Caption-style text data:
◆ ◆ ◆ ◆ ◆ ◆ ◆

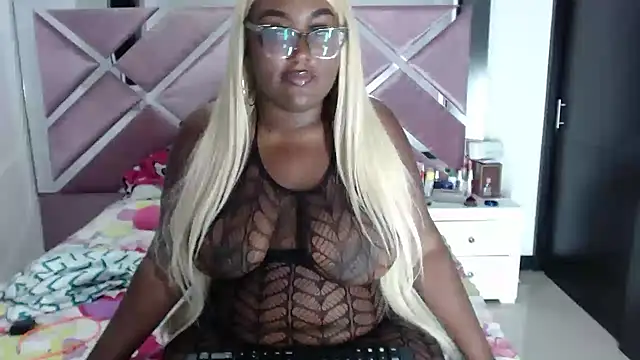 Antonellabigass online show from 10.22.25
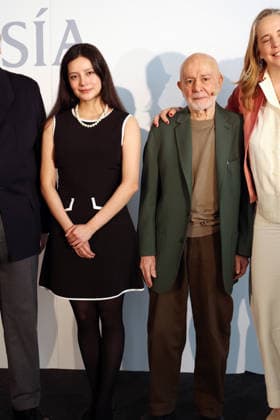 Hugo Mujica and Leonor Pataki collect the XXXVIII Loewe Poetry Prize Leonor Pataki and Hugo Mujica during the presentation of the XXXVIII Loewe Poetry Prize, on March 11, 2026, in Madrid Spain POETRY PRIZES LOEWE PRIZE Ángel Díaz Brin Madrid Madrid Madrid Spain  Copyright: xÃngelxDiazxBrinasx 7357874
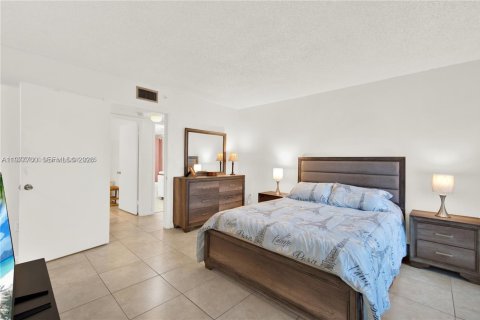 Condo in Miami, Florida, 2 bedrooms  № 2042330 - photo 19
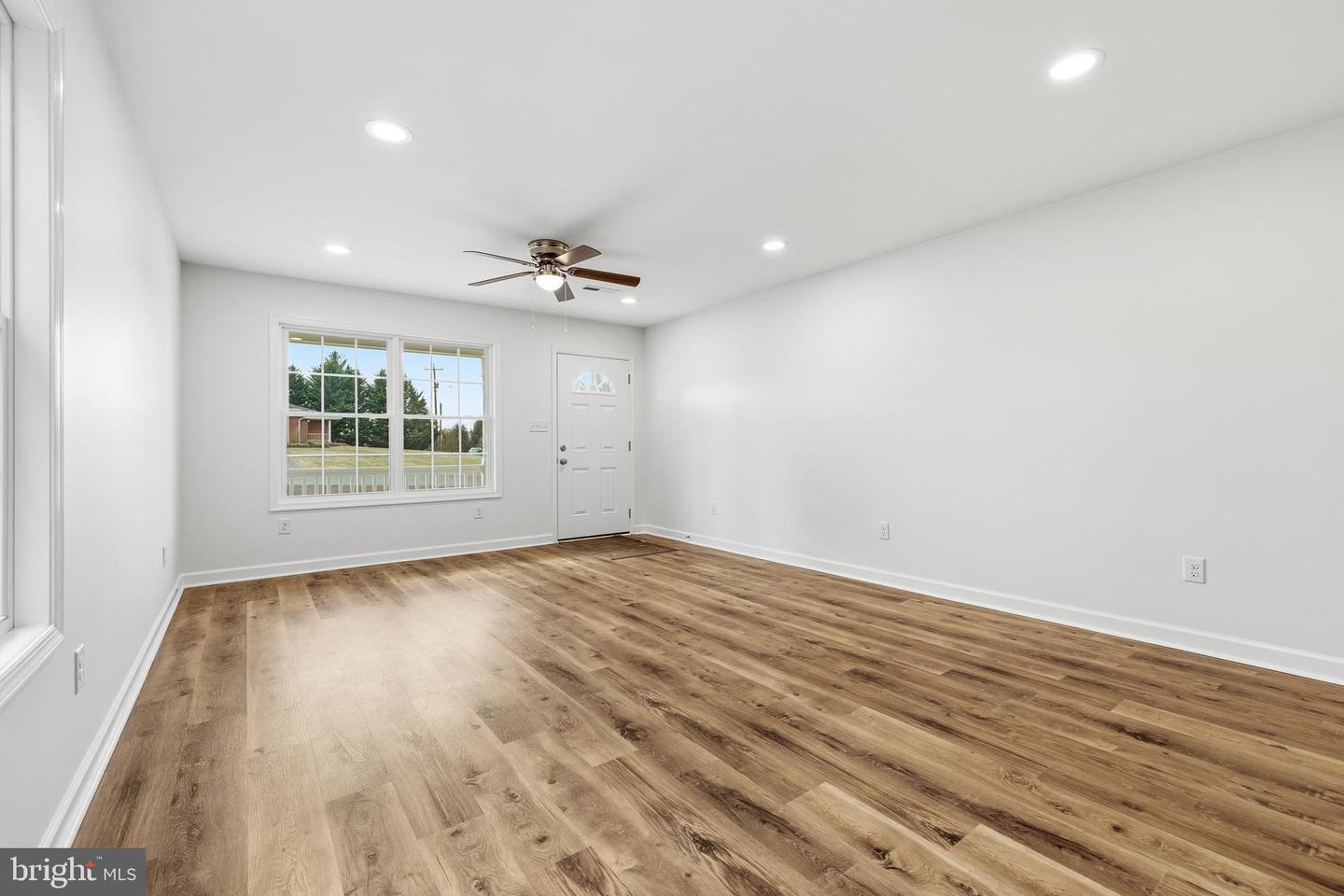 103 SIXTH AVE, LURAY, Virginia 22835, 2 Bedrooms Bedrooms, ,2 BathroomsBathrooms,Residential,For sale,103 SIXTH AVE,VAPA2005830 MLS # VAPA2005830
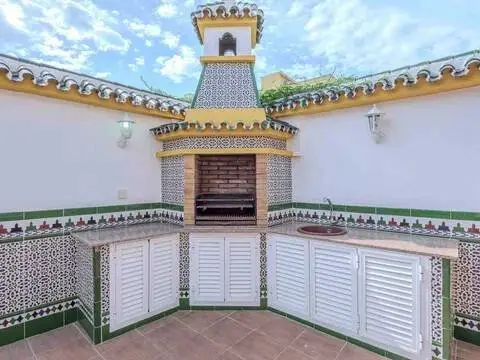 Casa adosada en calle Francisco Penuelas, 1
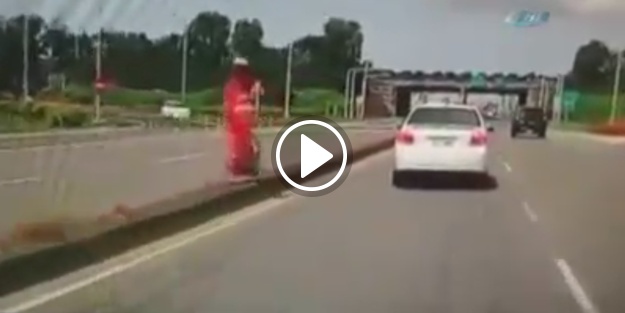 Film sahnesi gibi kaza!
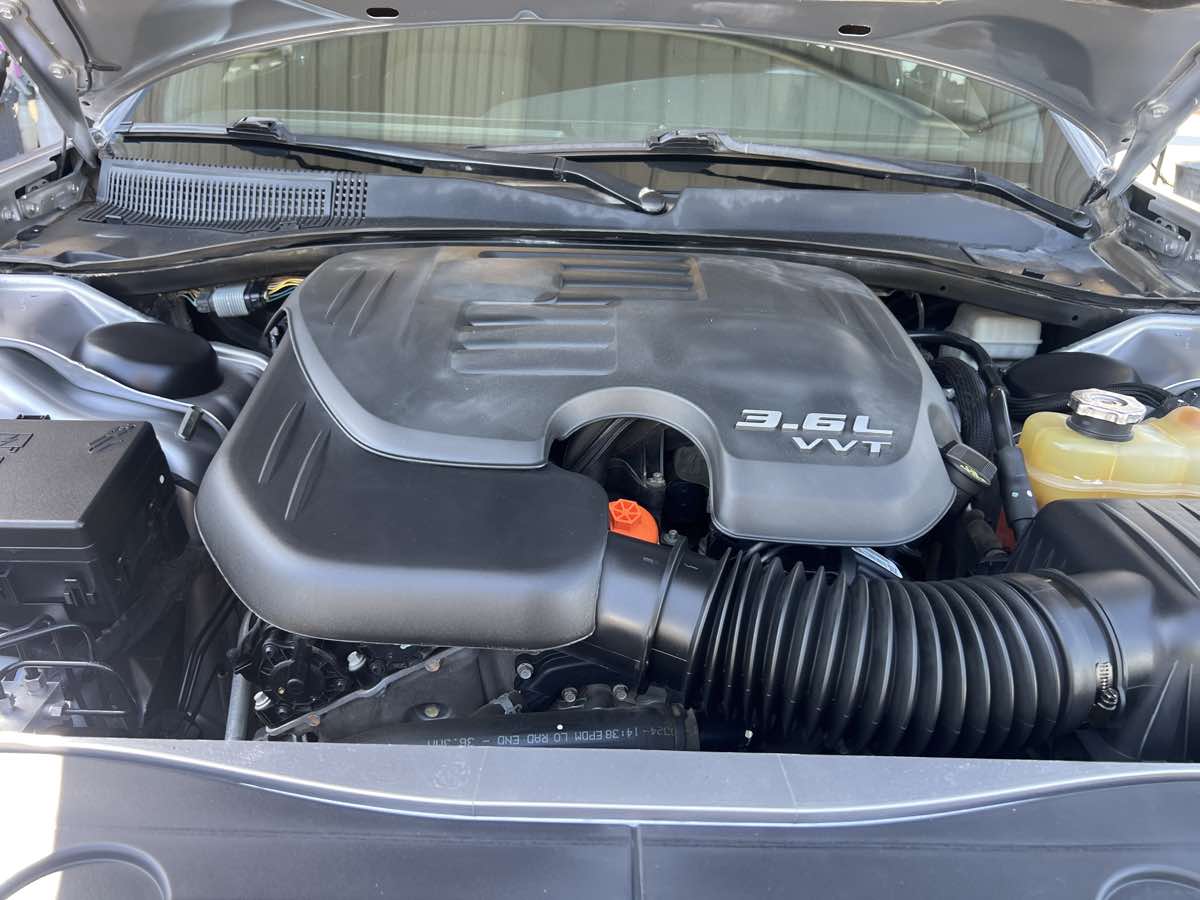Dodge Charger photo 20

◆ ◆ ◆ ◆ ◆ ◆ ◆

▶ [Work order]
The result should be the same data as above, line for line, with the pictures gone.

▶ [Output for this exercise]
 Antonellabigass online show from 10.22.25
 Hugo Mujica and Leonor Pataki collect the XXXVIII Loewe Poetry Prize Leonor Pataki and Hugo Mujica during the presentation of the XXXVIII Loewe Poetry Prize, on March 11, 2026, in Madrid Spain POETRY PRIZES LOEWE PRIZE Ángel Díaz Brin Madrid Madrid Madrid Spain  Copyright: xÃngelxDiazxBrinasx 7357874
 Condo in Miami, Florida, 2 bedrooms  № 2042330 - photo 19
 103 SIXTH AVE, LURAY, Virginia 22835, 2 Bedrooms Bedrooms, ,2 BathroomsBathrooms,Residential,For sale,103 SIXTH AVE,VAPA2005830 MLS # VAPA2005830
 Casa adosada en calle Francisco Penuelas, 1
 Film sahnesi gibi kaza!
Dodge Charger photo 20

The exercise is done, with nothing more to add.